On December 6, Evegeny Morozov gave a keynote at the Transforming capitalism in the Age of AI conference organized by the Foundation for European Progressive Studies in Brussels. In his speech, he presented a progressive vision for public digital infrastructure, emphasizing the importance of thinking about it through the paradigm of the digital commons. Below is a transcript of the last part of his presentation:
“When I see that initial critique went wrong, was in formulating this alternative third path, this alternative third way, strictly through the paradigm of software. They didn’t perceive institutions as also capable of facilitating social coordination. But ultimately, that’s what institutions are. If you look at most public institutions in society, whether it’s the post office, or the library, or the university, or many of the other examples I’ve given you before, their primary task is facilitating coordination among people, among people in institutions, among people and knowledge bases, but social coordination is at the heart of what they do.
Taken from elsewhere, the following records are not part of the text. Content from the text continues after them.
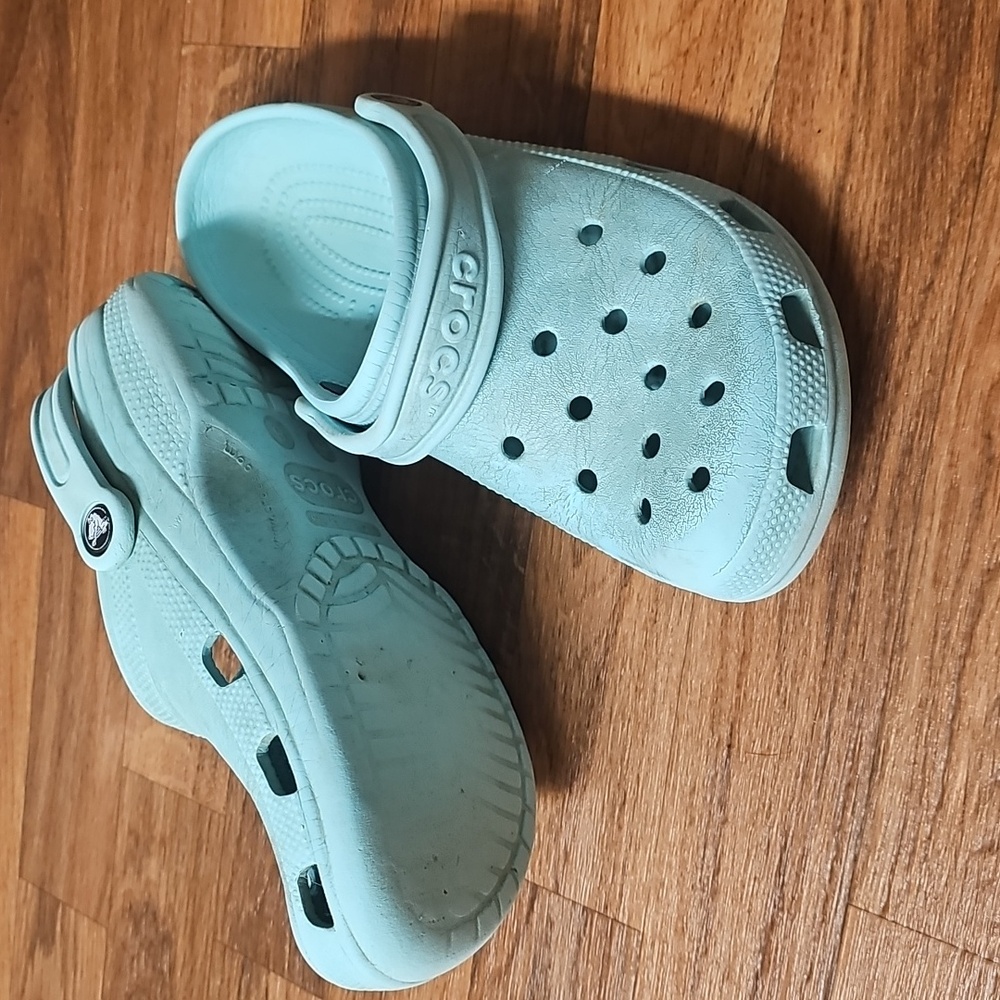 Pure Water Classic Clog CROCS Light Blue W6/M8 S39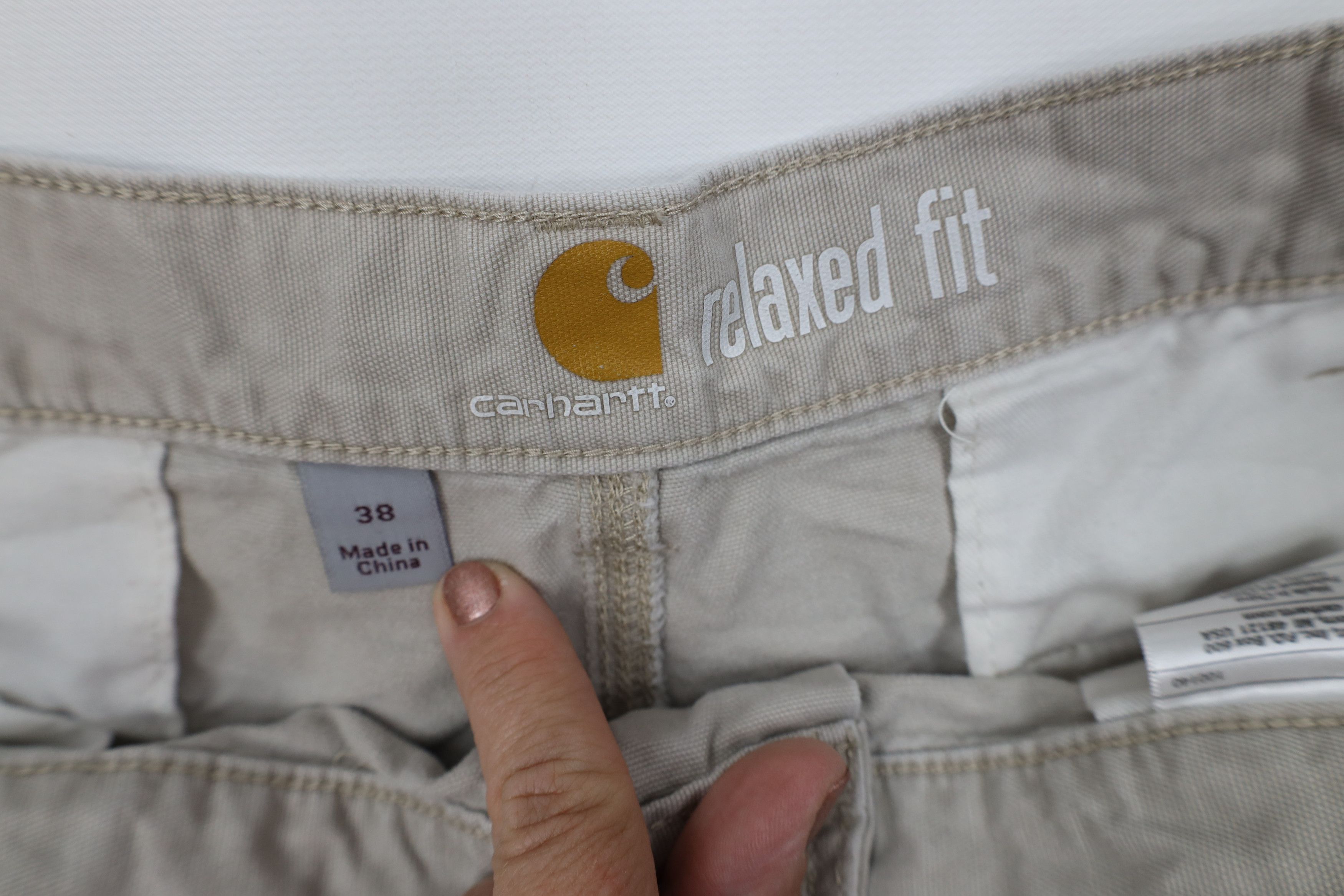 Carhartt Vintage Y2K Carhartt Relaxed Fit Cargo Shorts Beige Cotton Size US 38 / EU 54 - 6 Thumbnail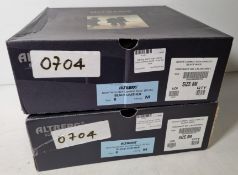 2x pairs of Altberg men's high liability black combat boots - size 8M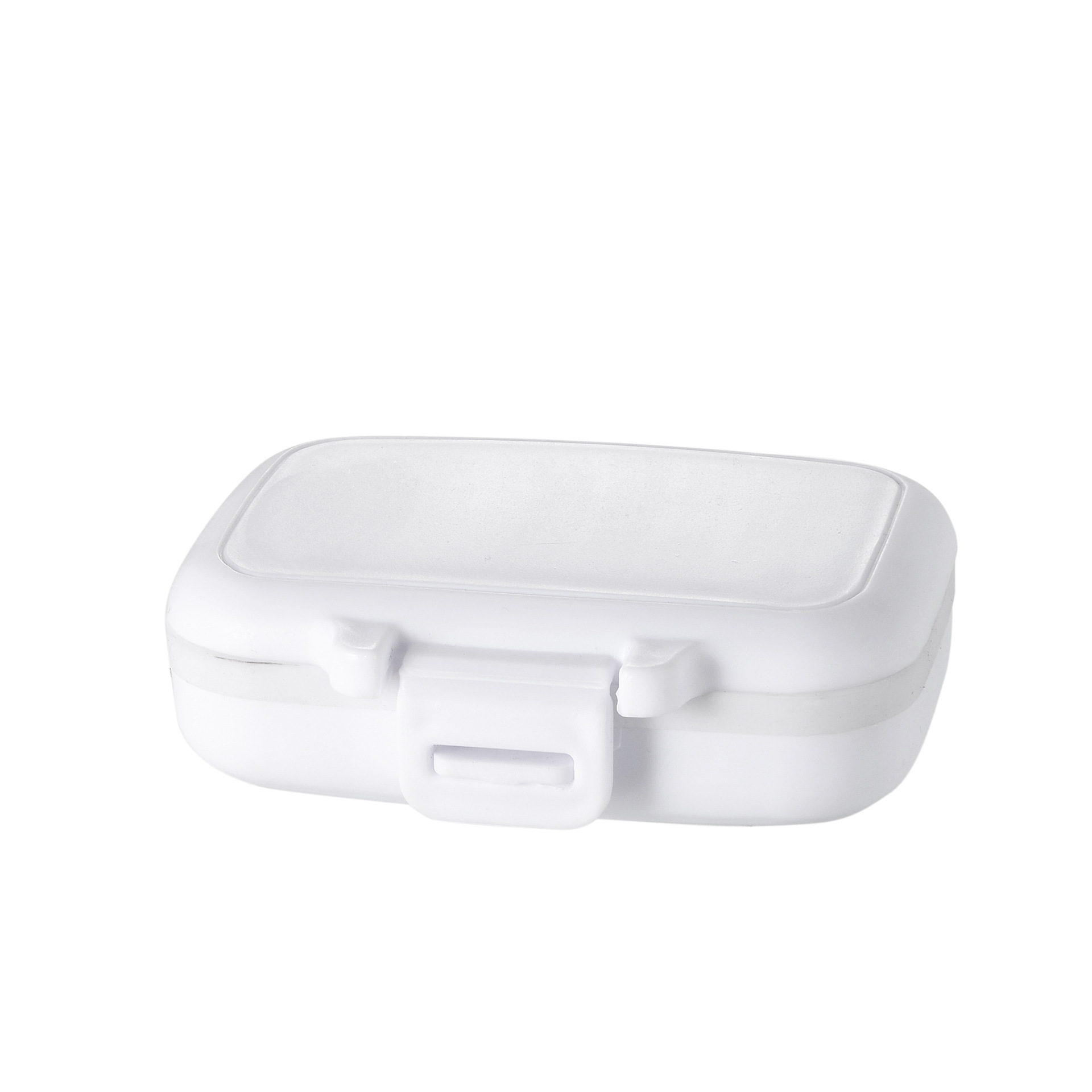 Three-compartment portable small medicine box portable mini medicine box medicine storage box multi-functional medicine box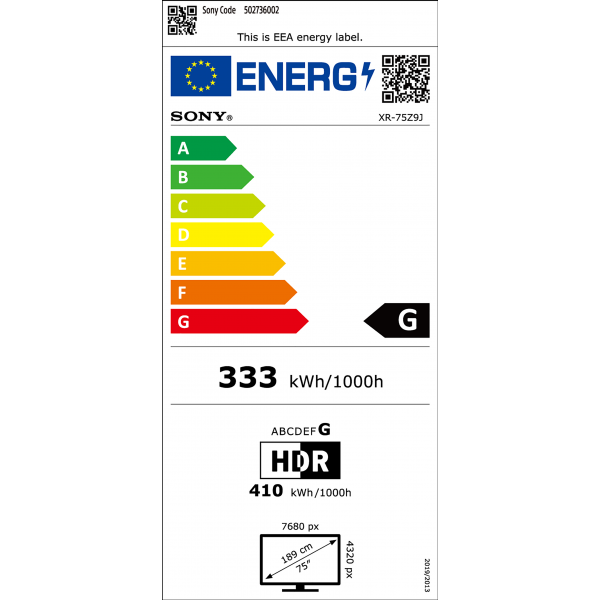 Bravia XR-75Z9J Sony Bravia XR-75Z9J Sony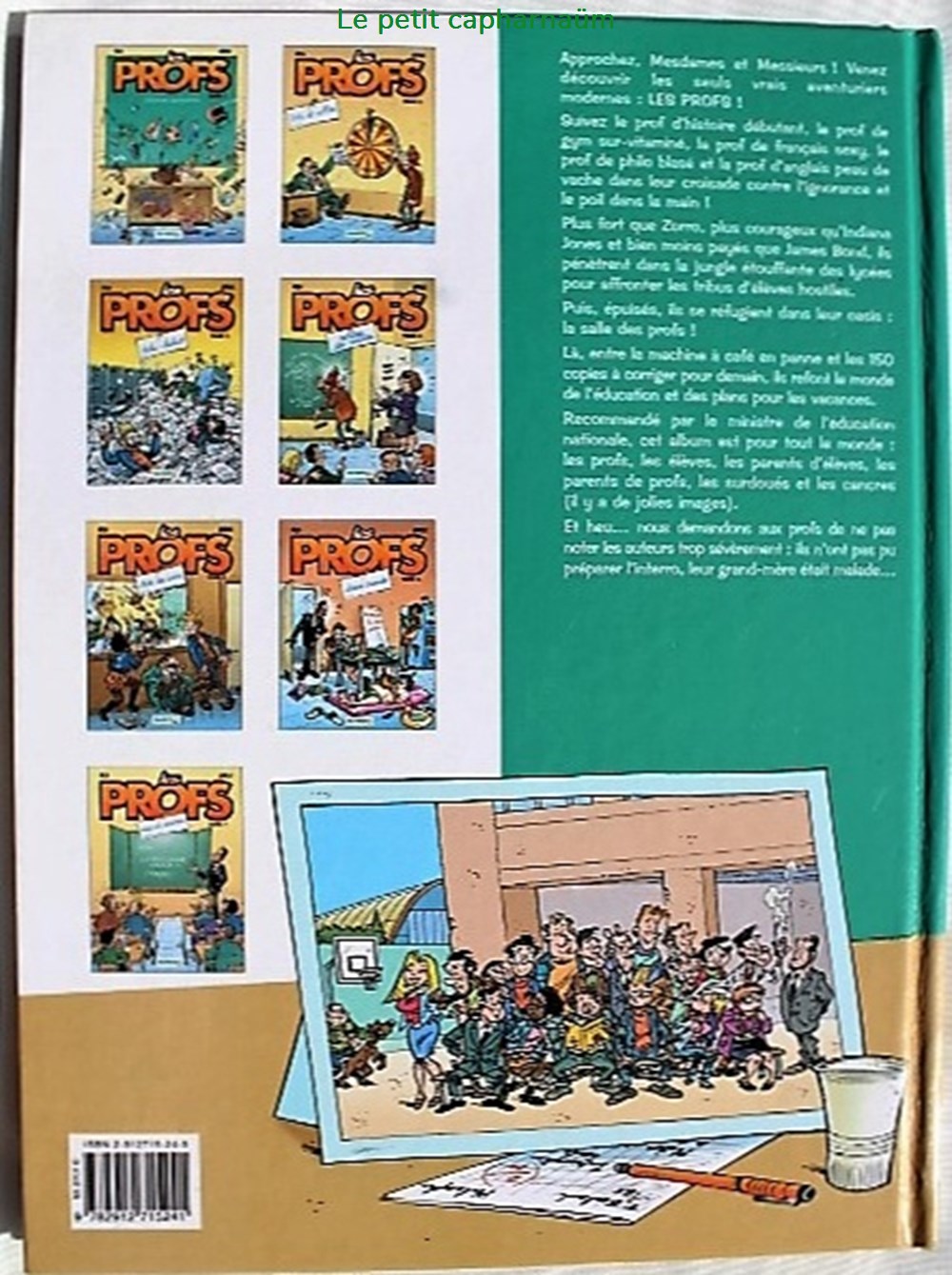 Les profs - 02 - Loto et colles - Rééd. 2005 livres bd revues bandes dessinees les profs 02 loto et colles reed 2005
And the reason why I went into this detour, into thinking about institutions, is that (…) it is obvious that in this day and age, we can not just be building alternative free software products to match those that Silicon Valley is building.
This is nice, but I think those thinking about this through the paradigm of digital commons are probably getting a little bit closer to the right answer. Because digital commons imply not just the passive use of infrastructures, it means active care and maintenance of them. It means an actual involvement in an infrastructure as an institution, as opposed to just passive use. And it’s obvious that if the path that the progressives would like to follow is neither that of the market AI nor the centrally planned AI. Then, the alternative that I think is consistent with their own philosophy and with their ideology is that of an institutionally mediated AI that facilitates social coordination. And that would be social coordination for perhaps the provision of public services; perhaps it would be for reinventing health institutions; perhaps it would be for facilitating and getting people away from the kind of alienation that we feel about politics and civic life. But ultimately, an answer to a properly distinct need for a properly socialist or social-democratic, progressive AI, I think, has to start with recognizing that this is a deeply political mission, and the deeply political mission has to return to the progressivism as something that is about allowing people to reach the maximum of their potential in a socially mediated and institutionally mediated environment and to do it in a way that does not solely rely on the market as the only institution capable of getting us there. I think it is very important to account for the costs of relying on the market, and as we account for them I think it is time that we also develop alternatives.
To develop these alternatives, I do think that a proper re-examination of our own project is needed, and I do think that trying to think about this through the lens of a massive push for digital commons as a hybrid path between infrastructures and institutions that societies and groups can be using to coordinate their own activities outside of the market, as the only reference point, would be a step in the right direction.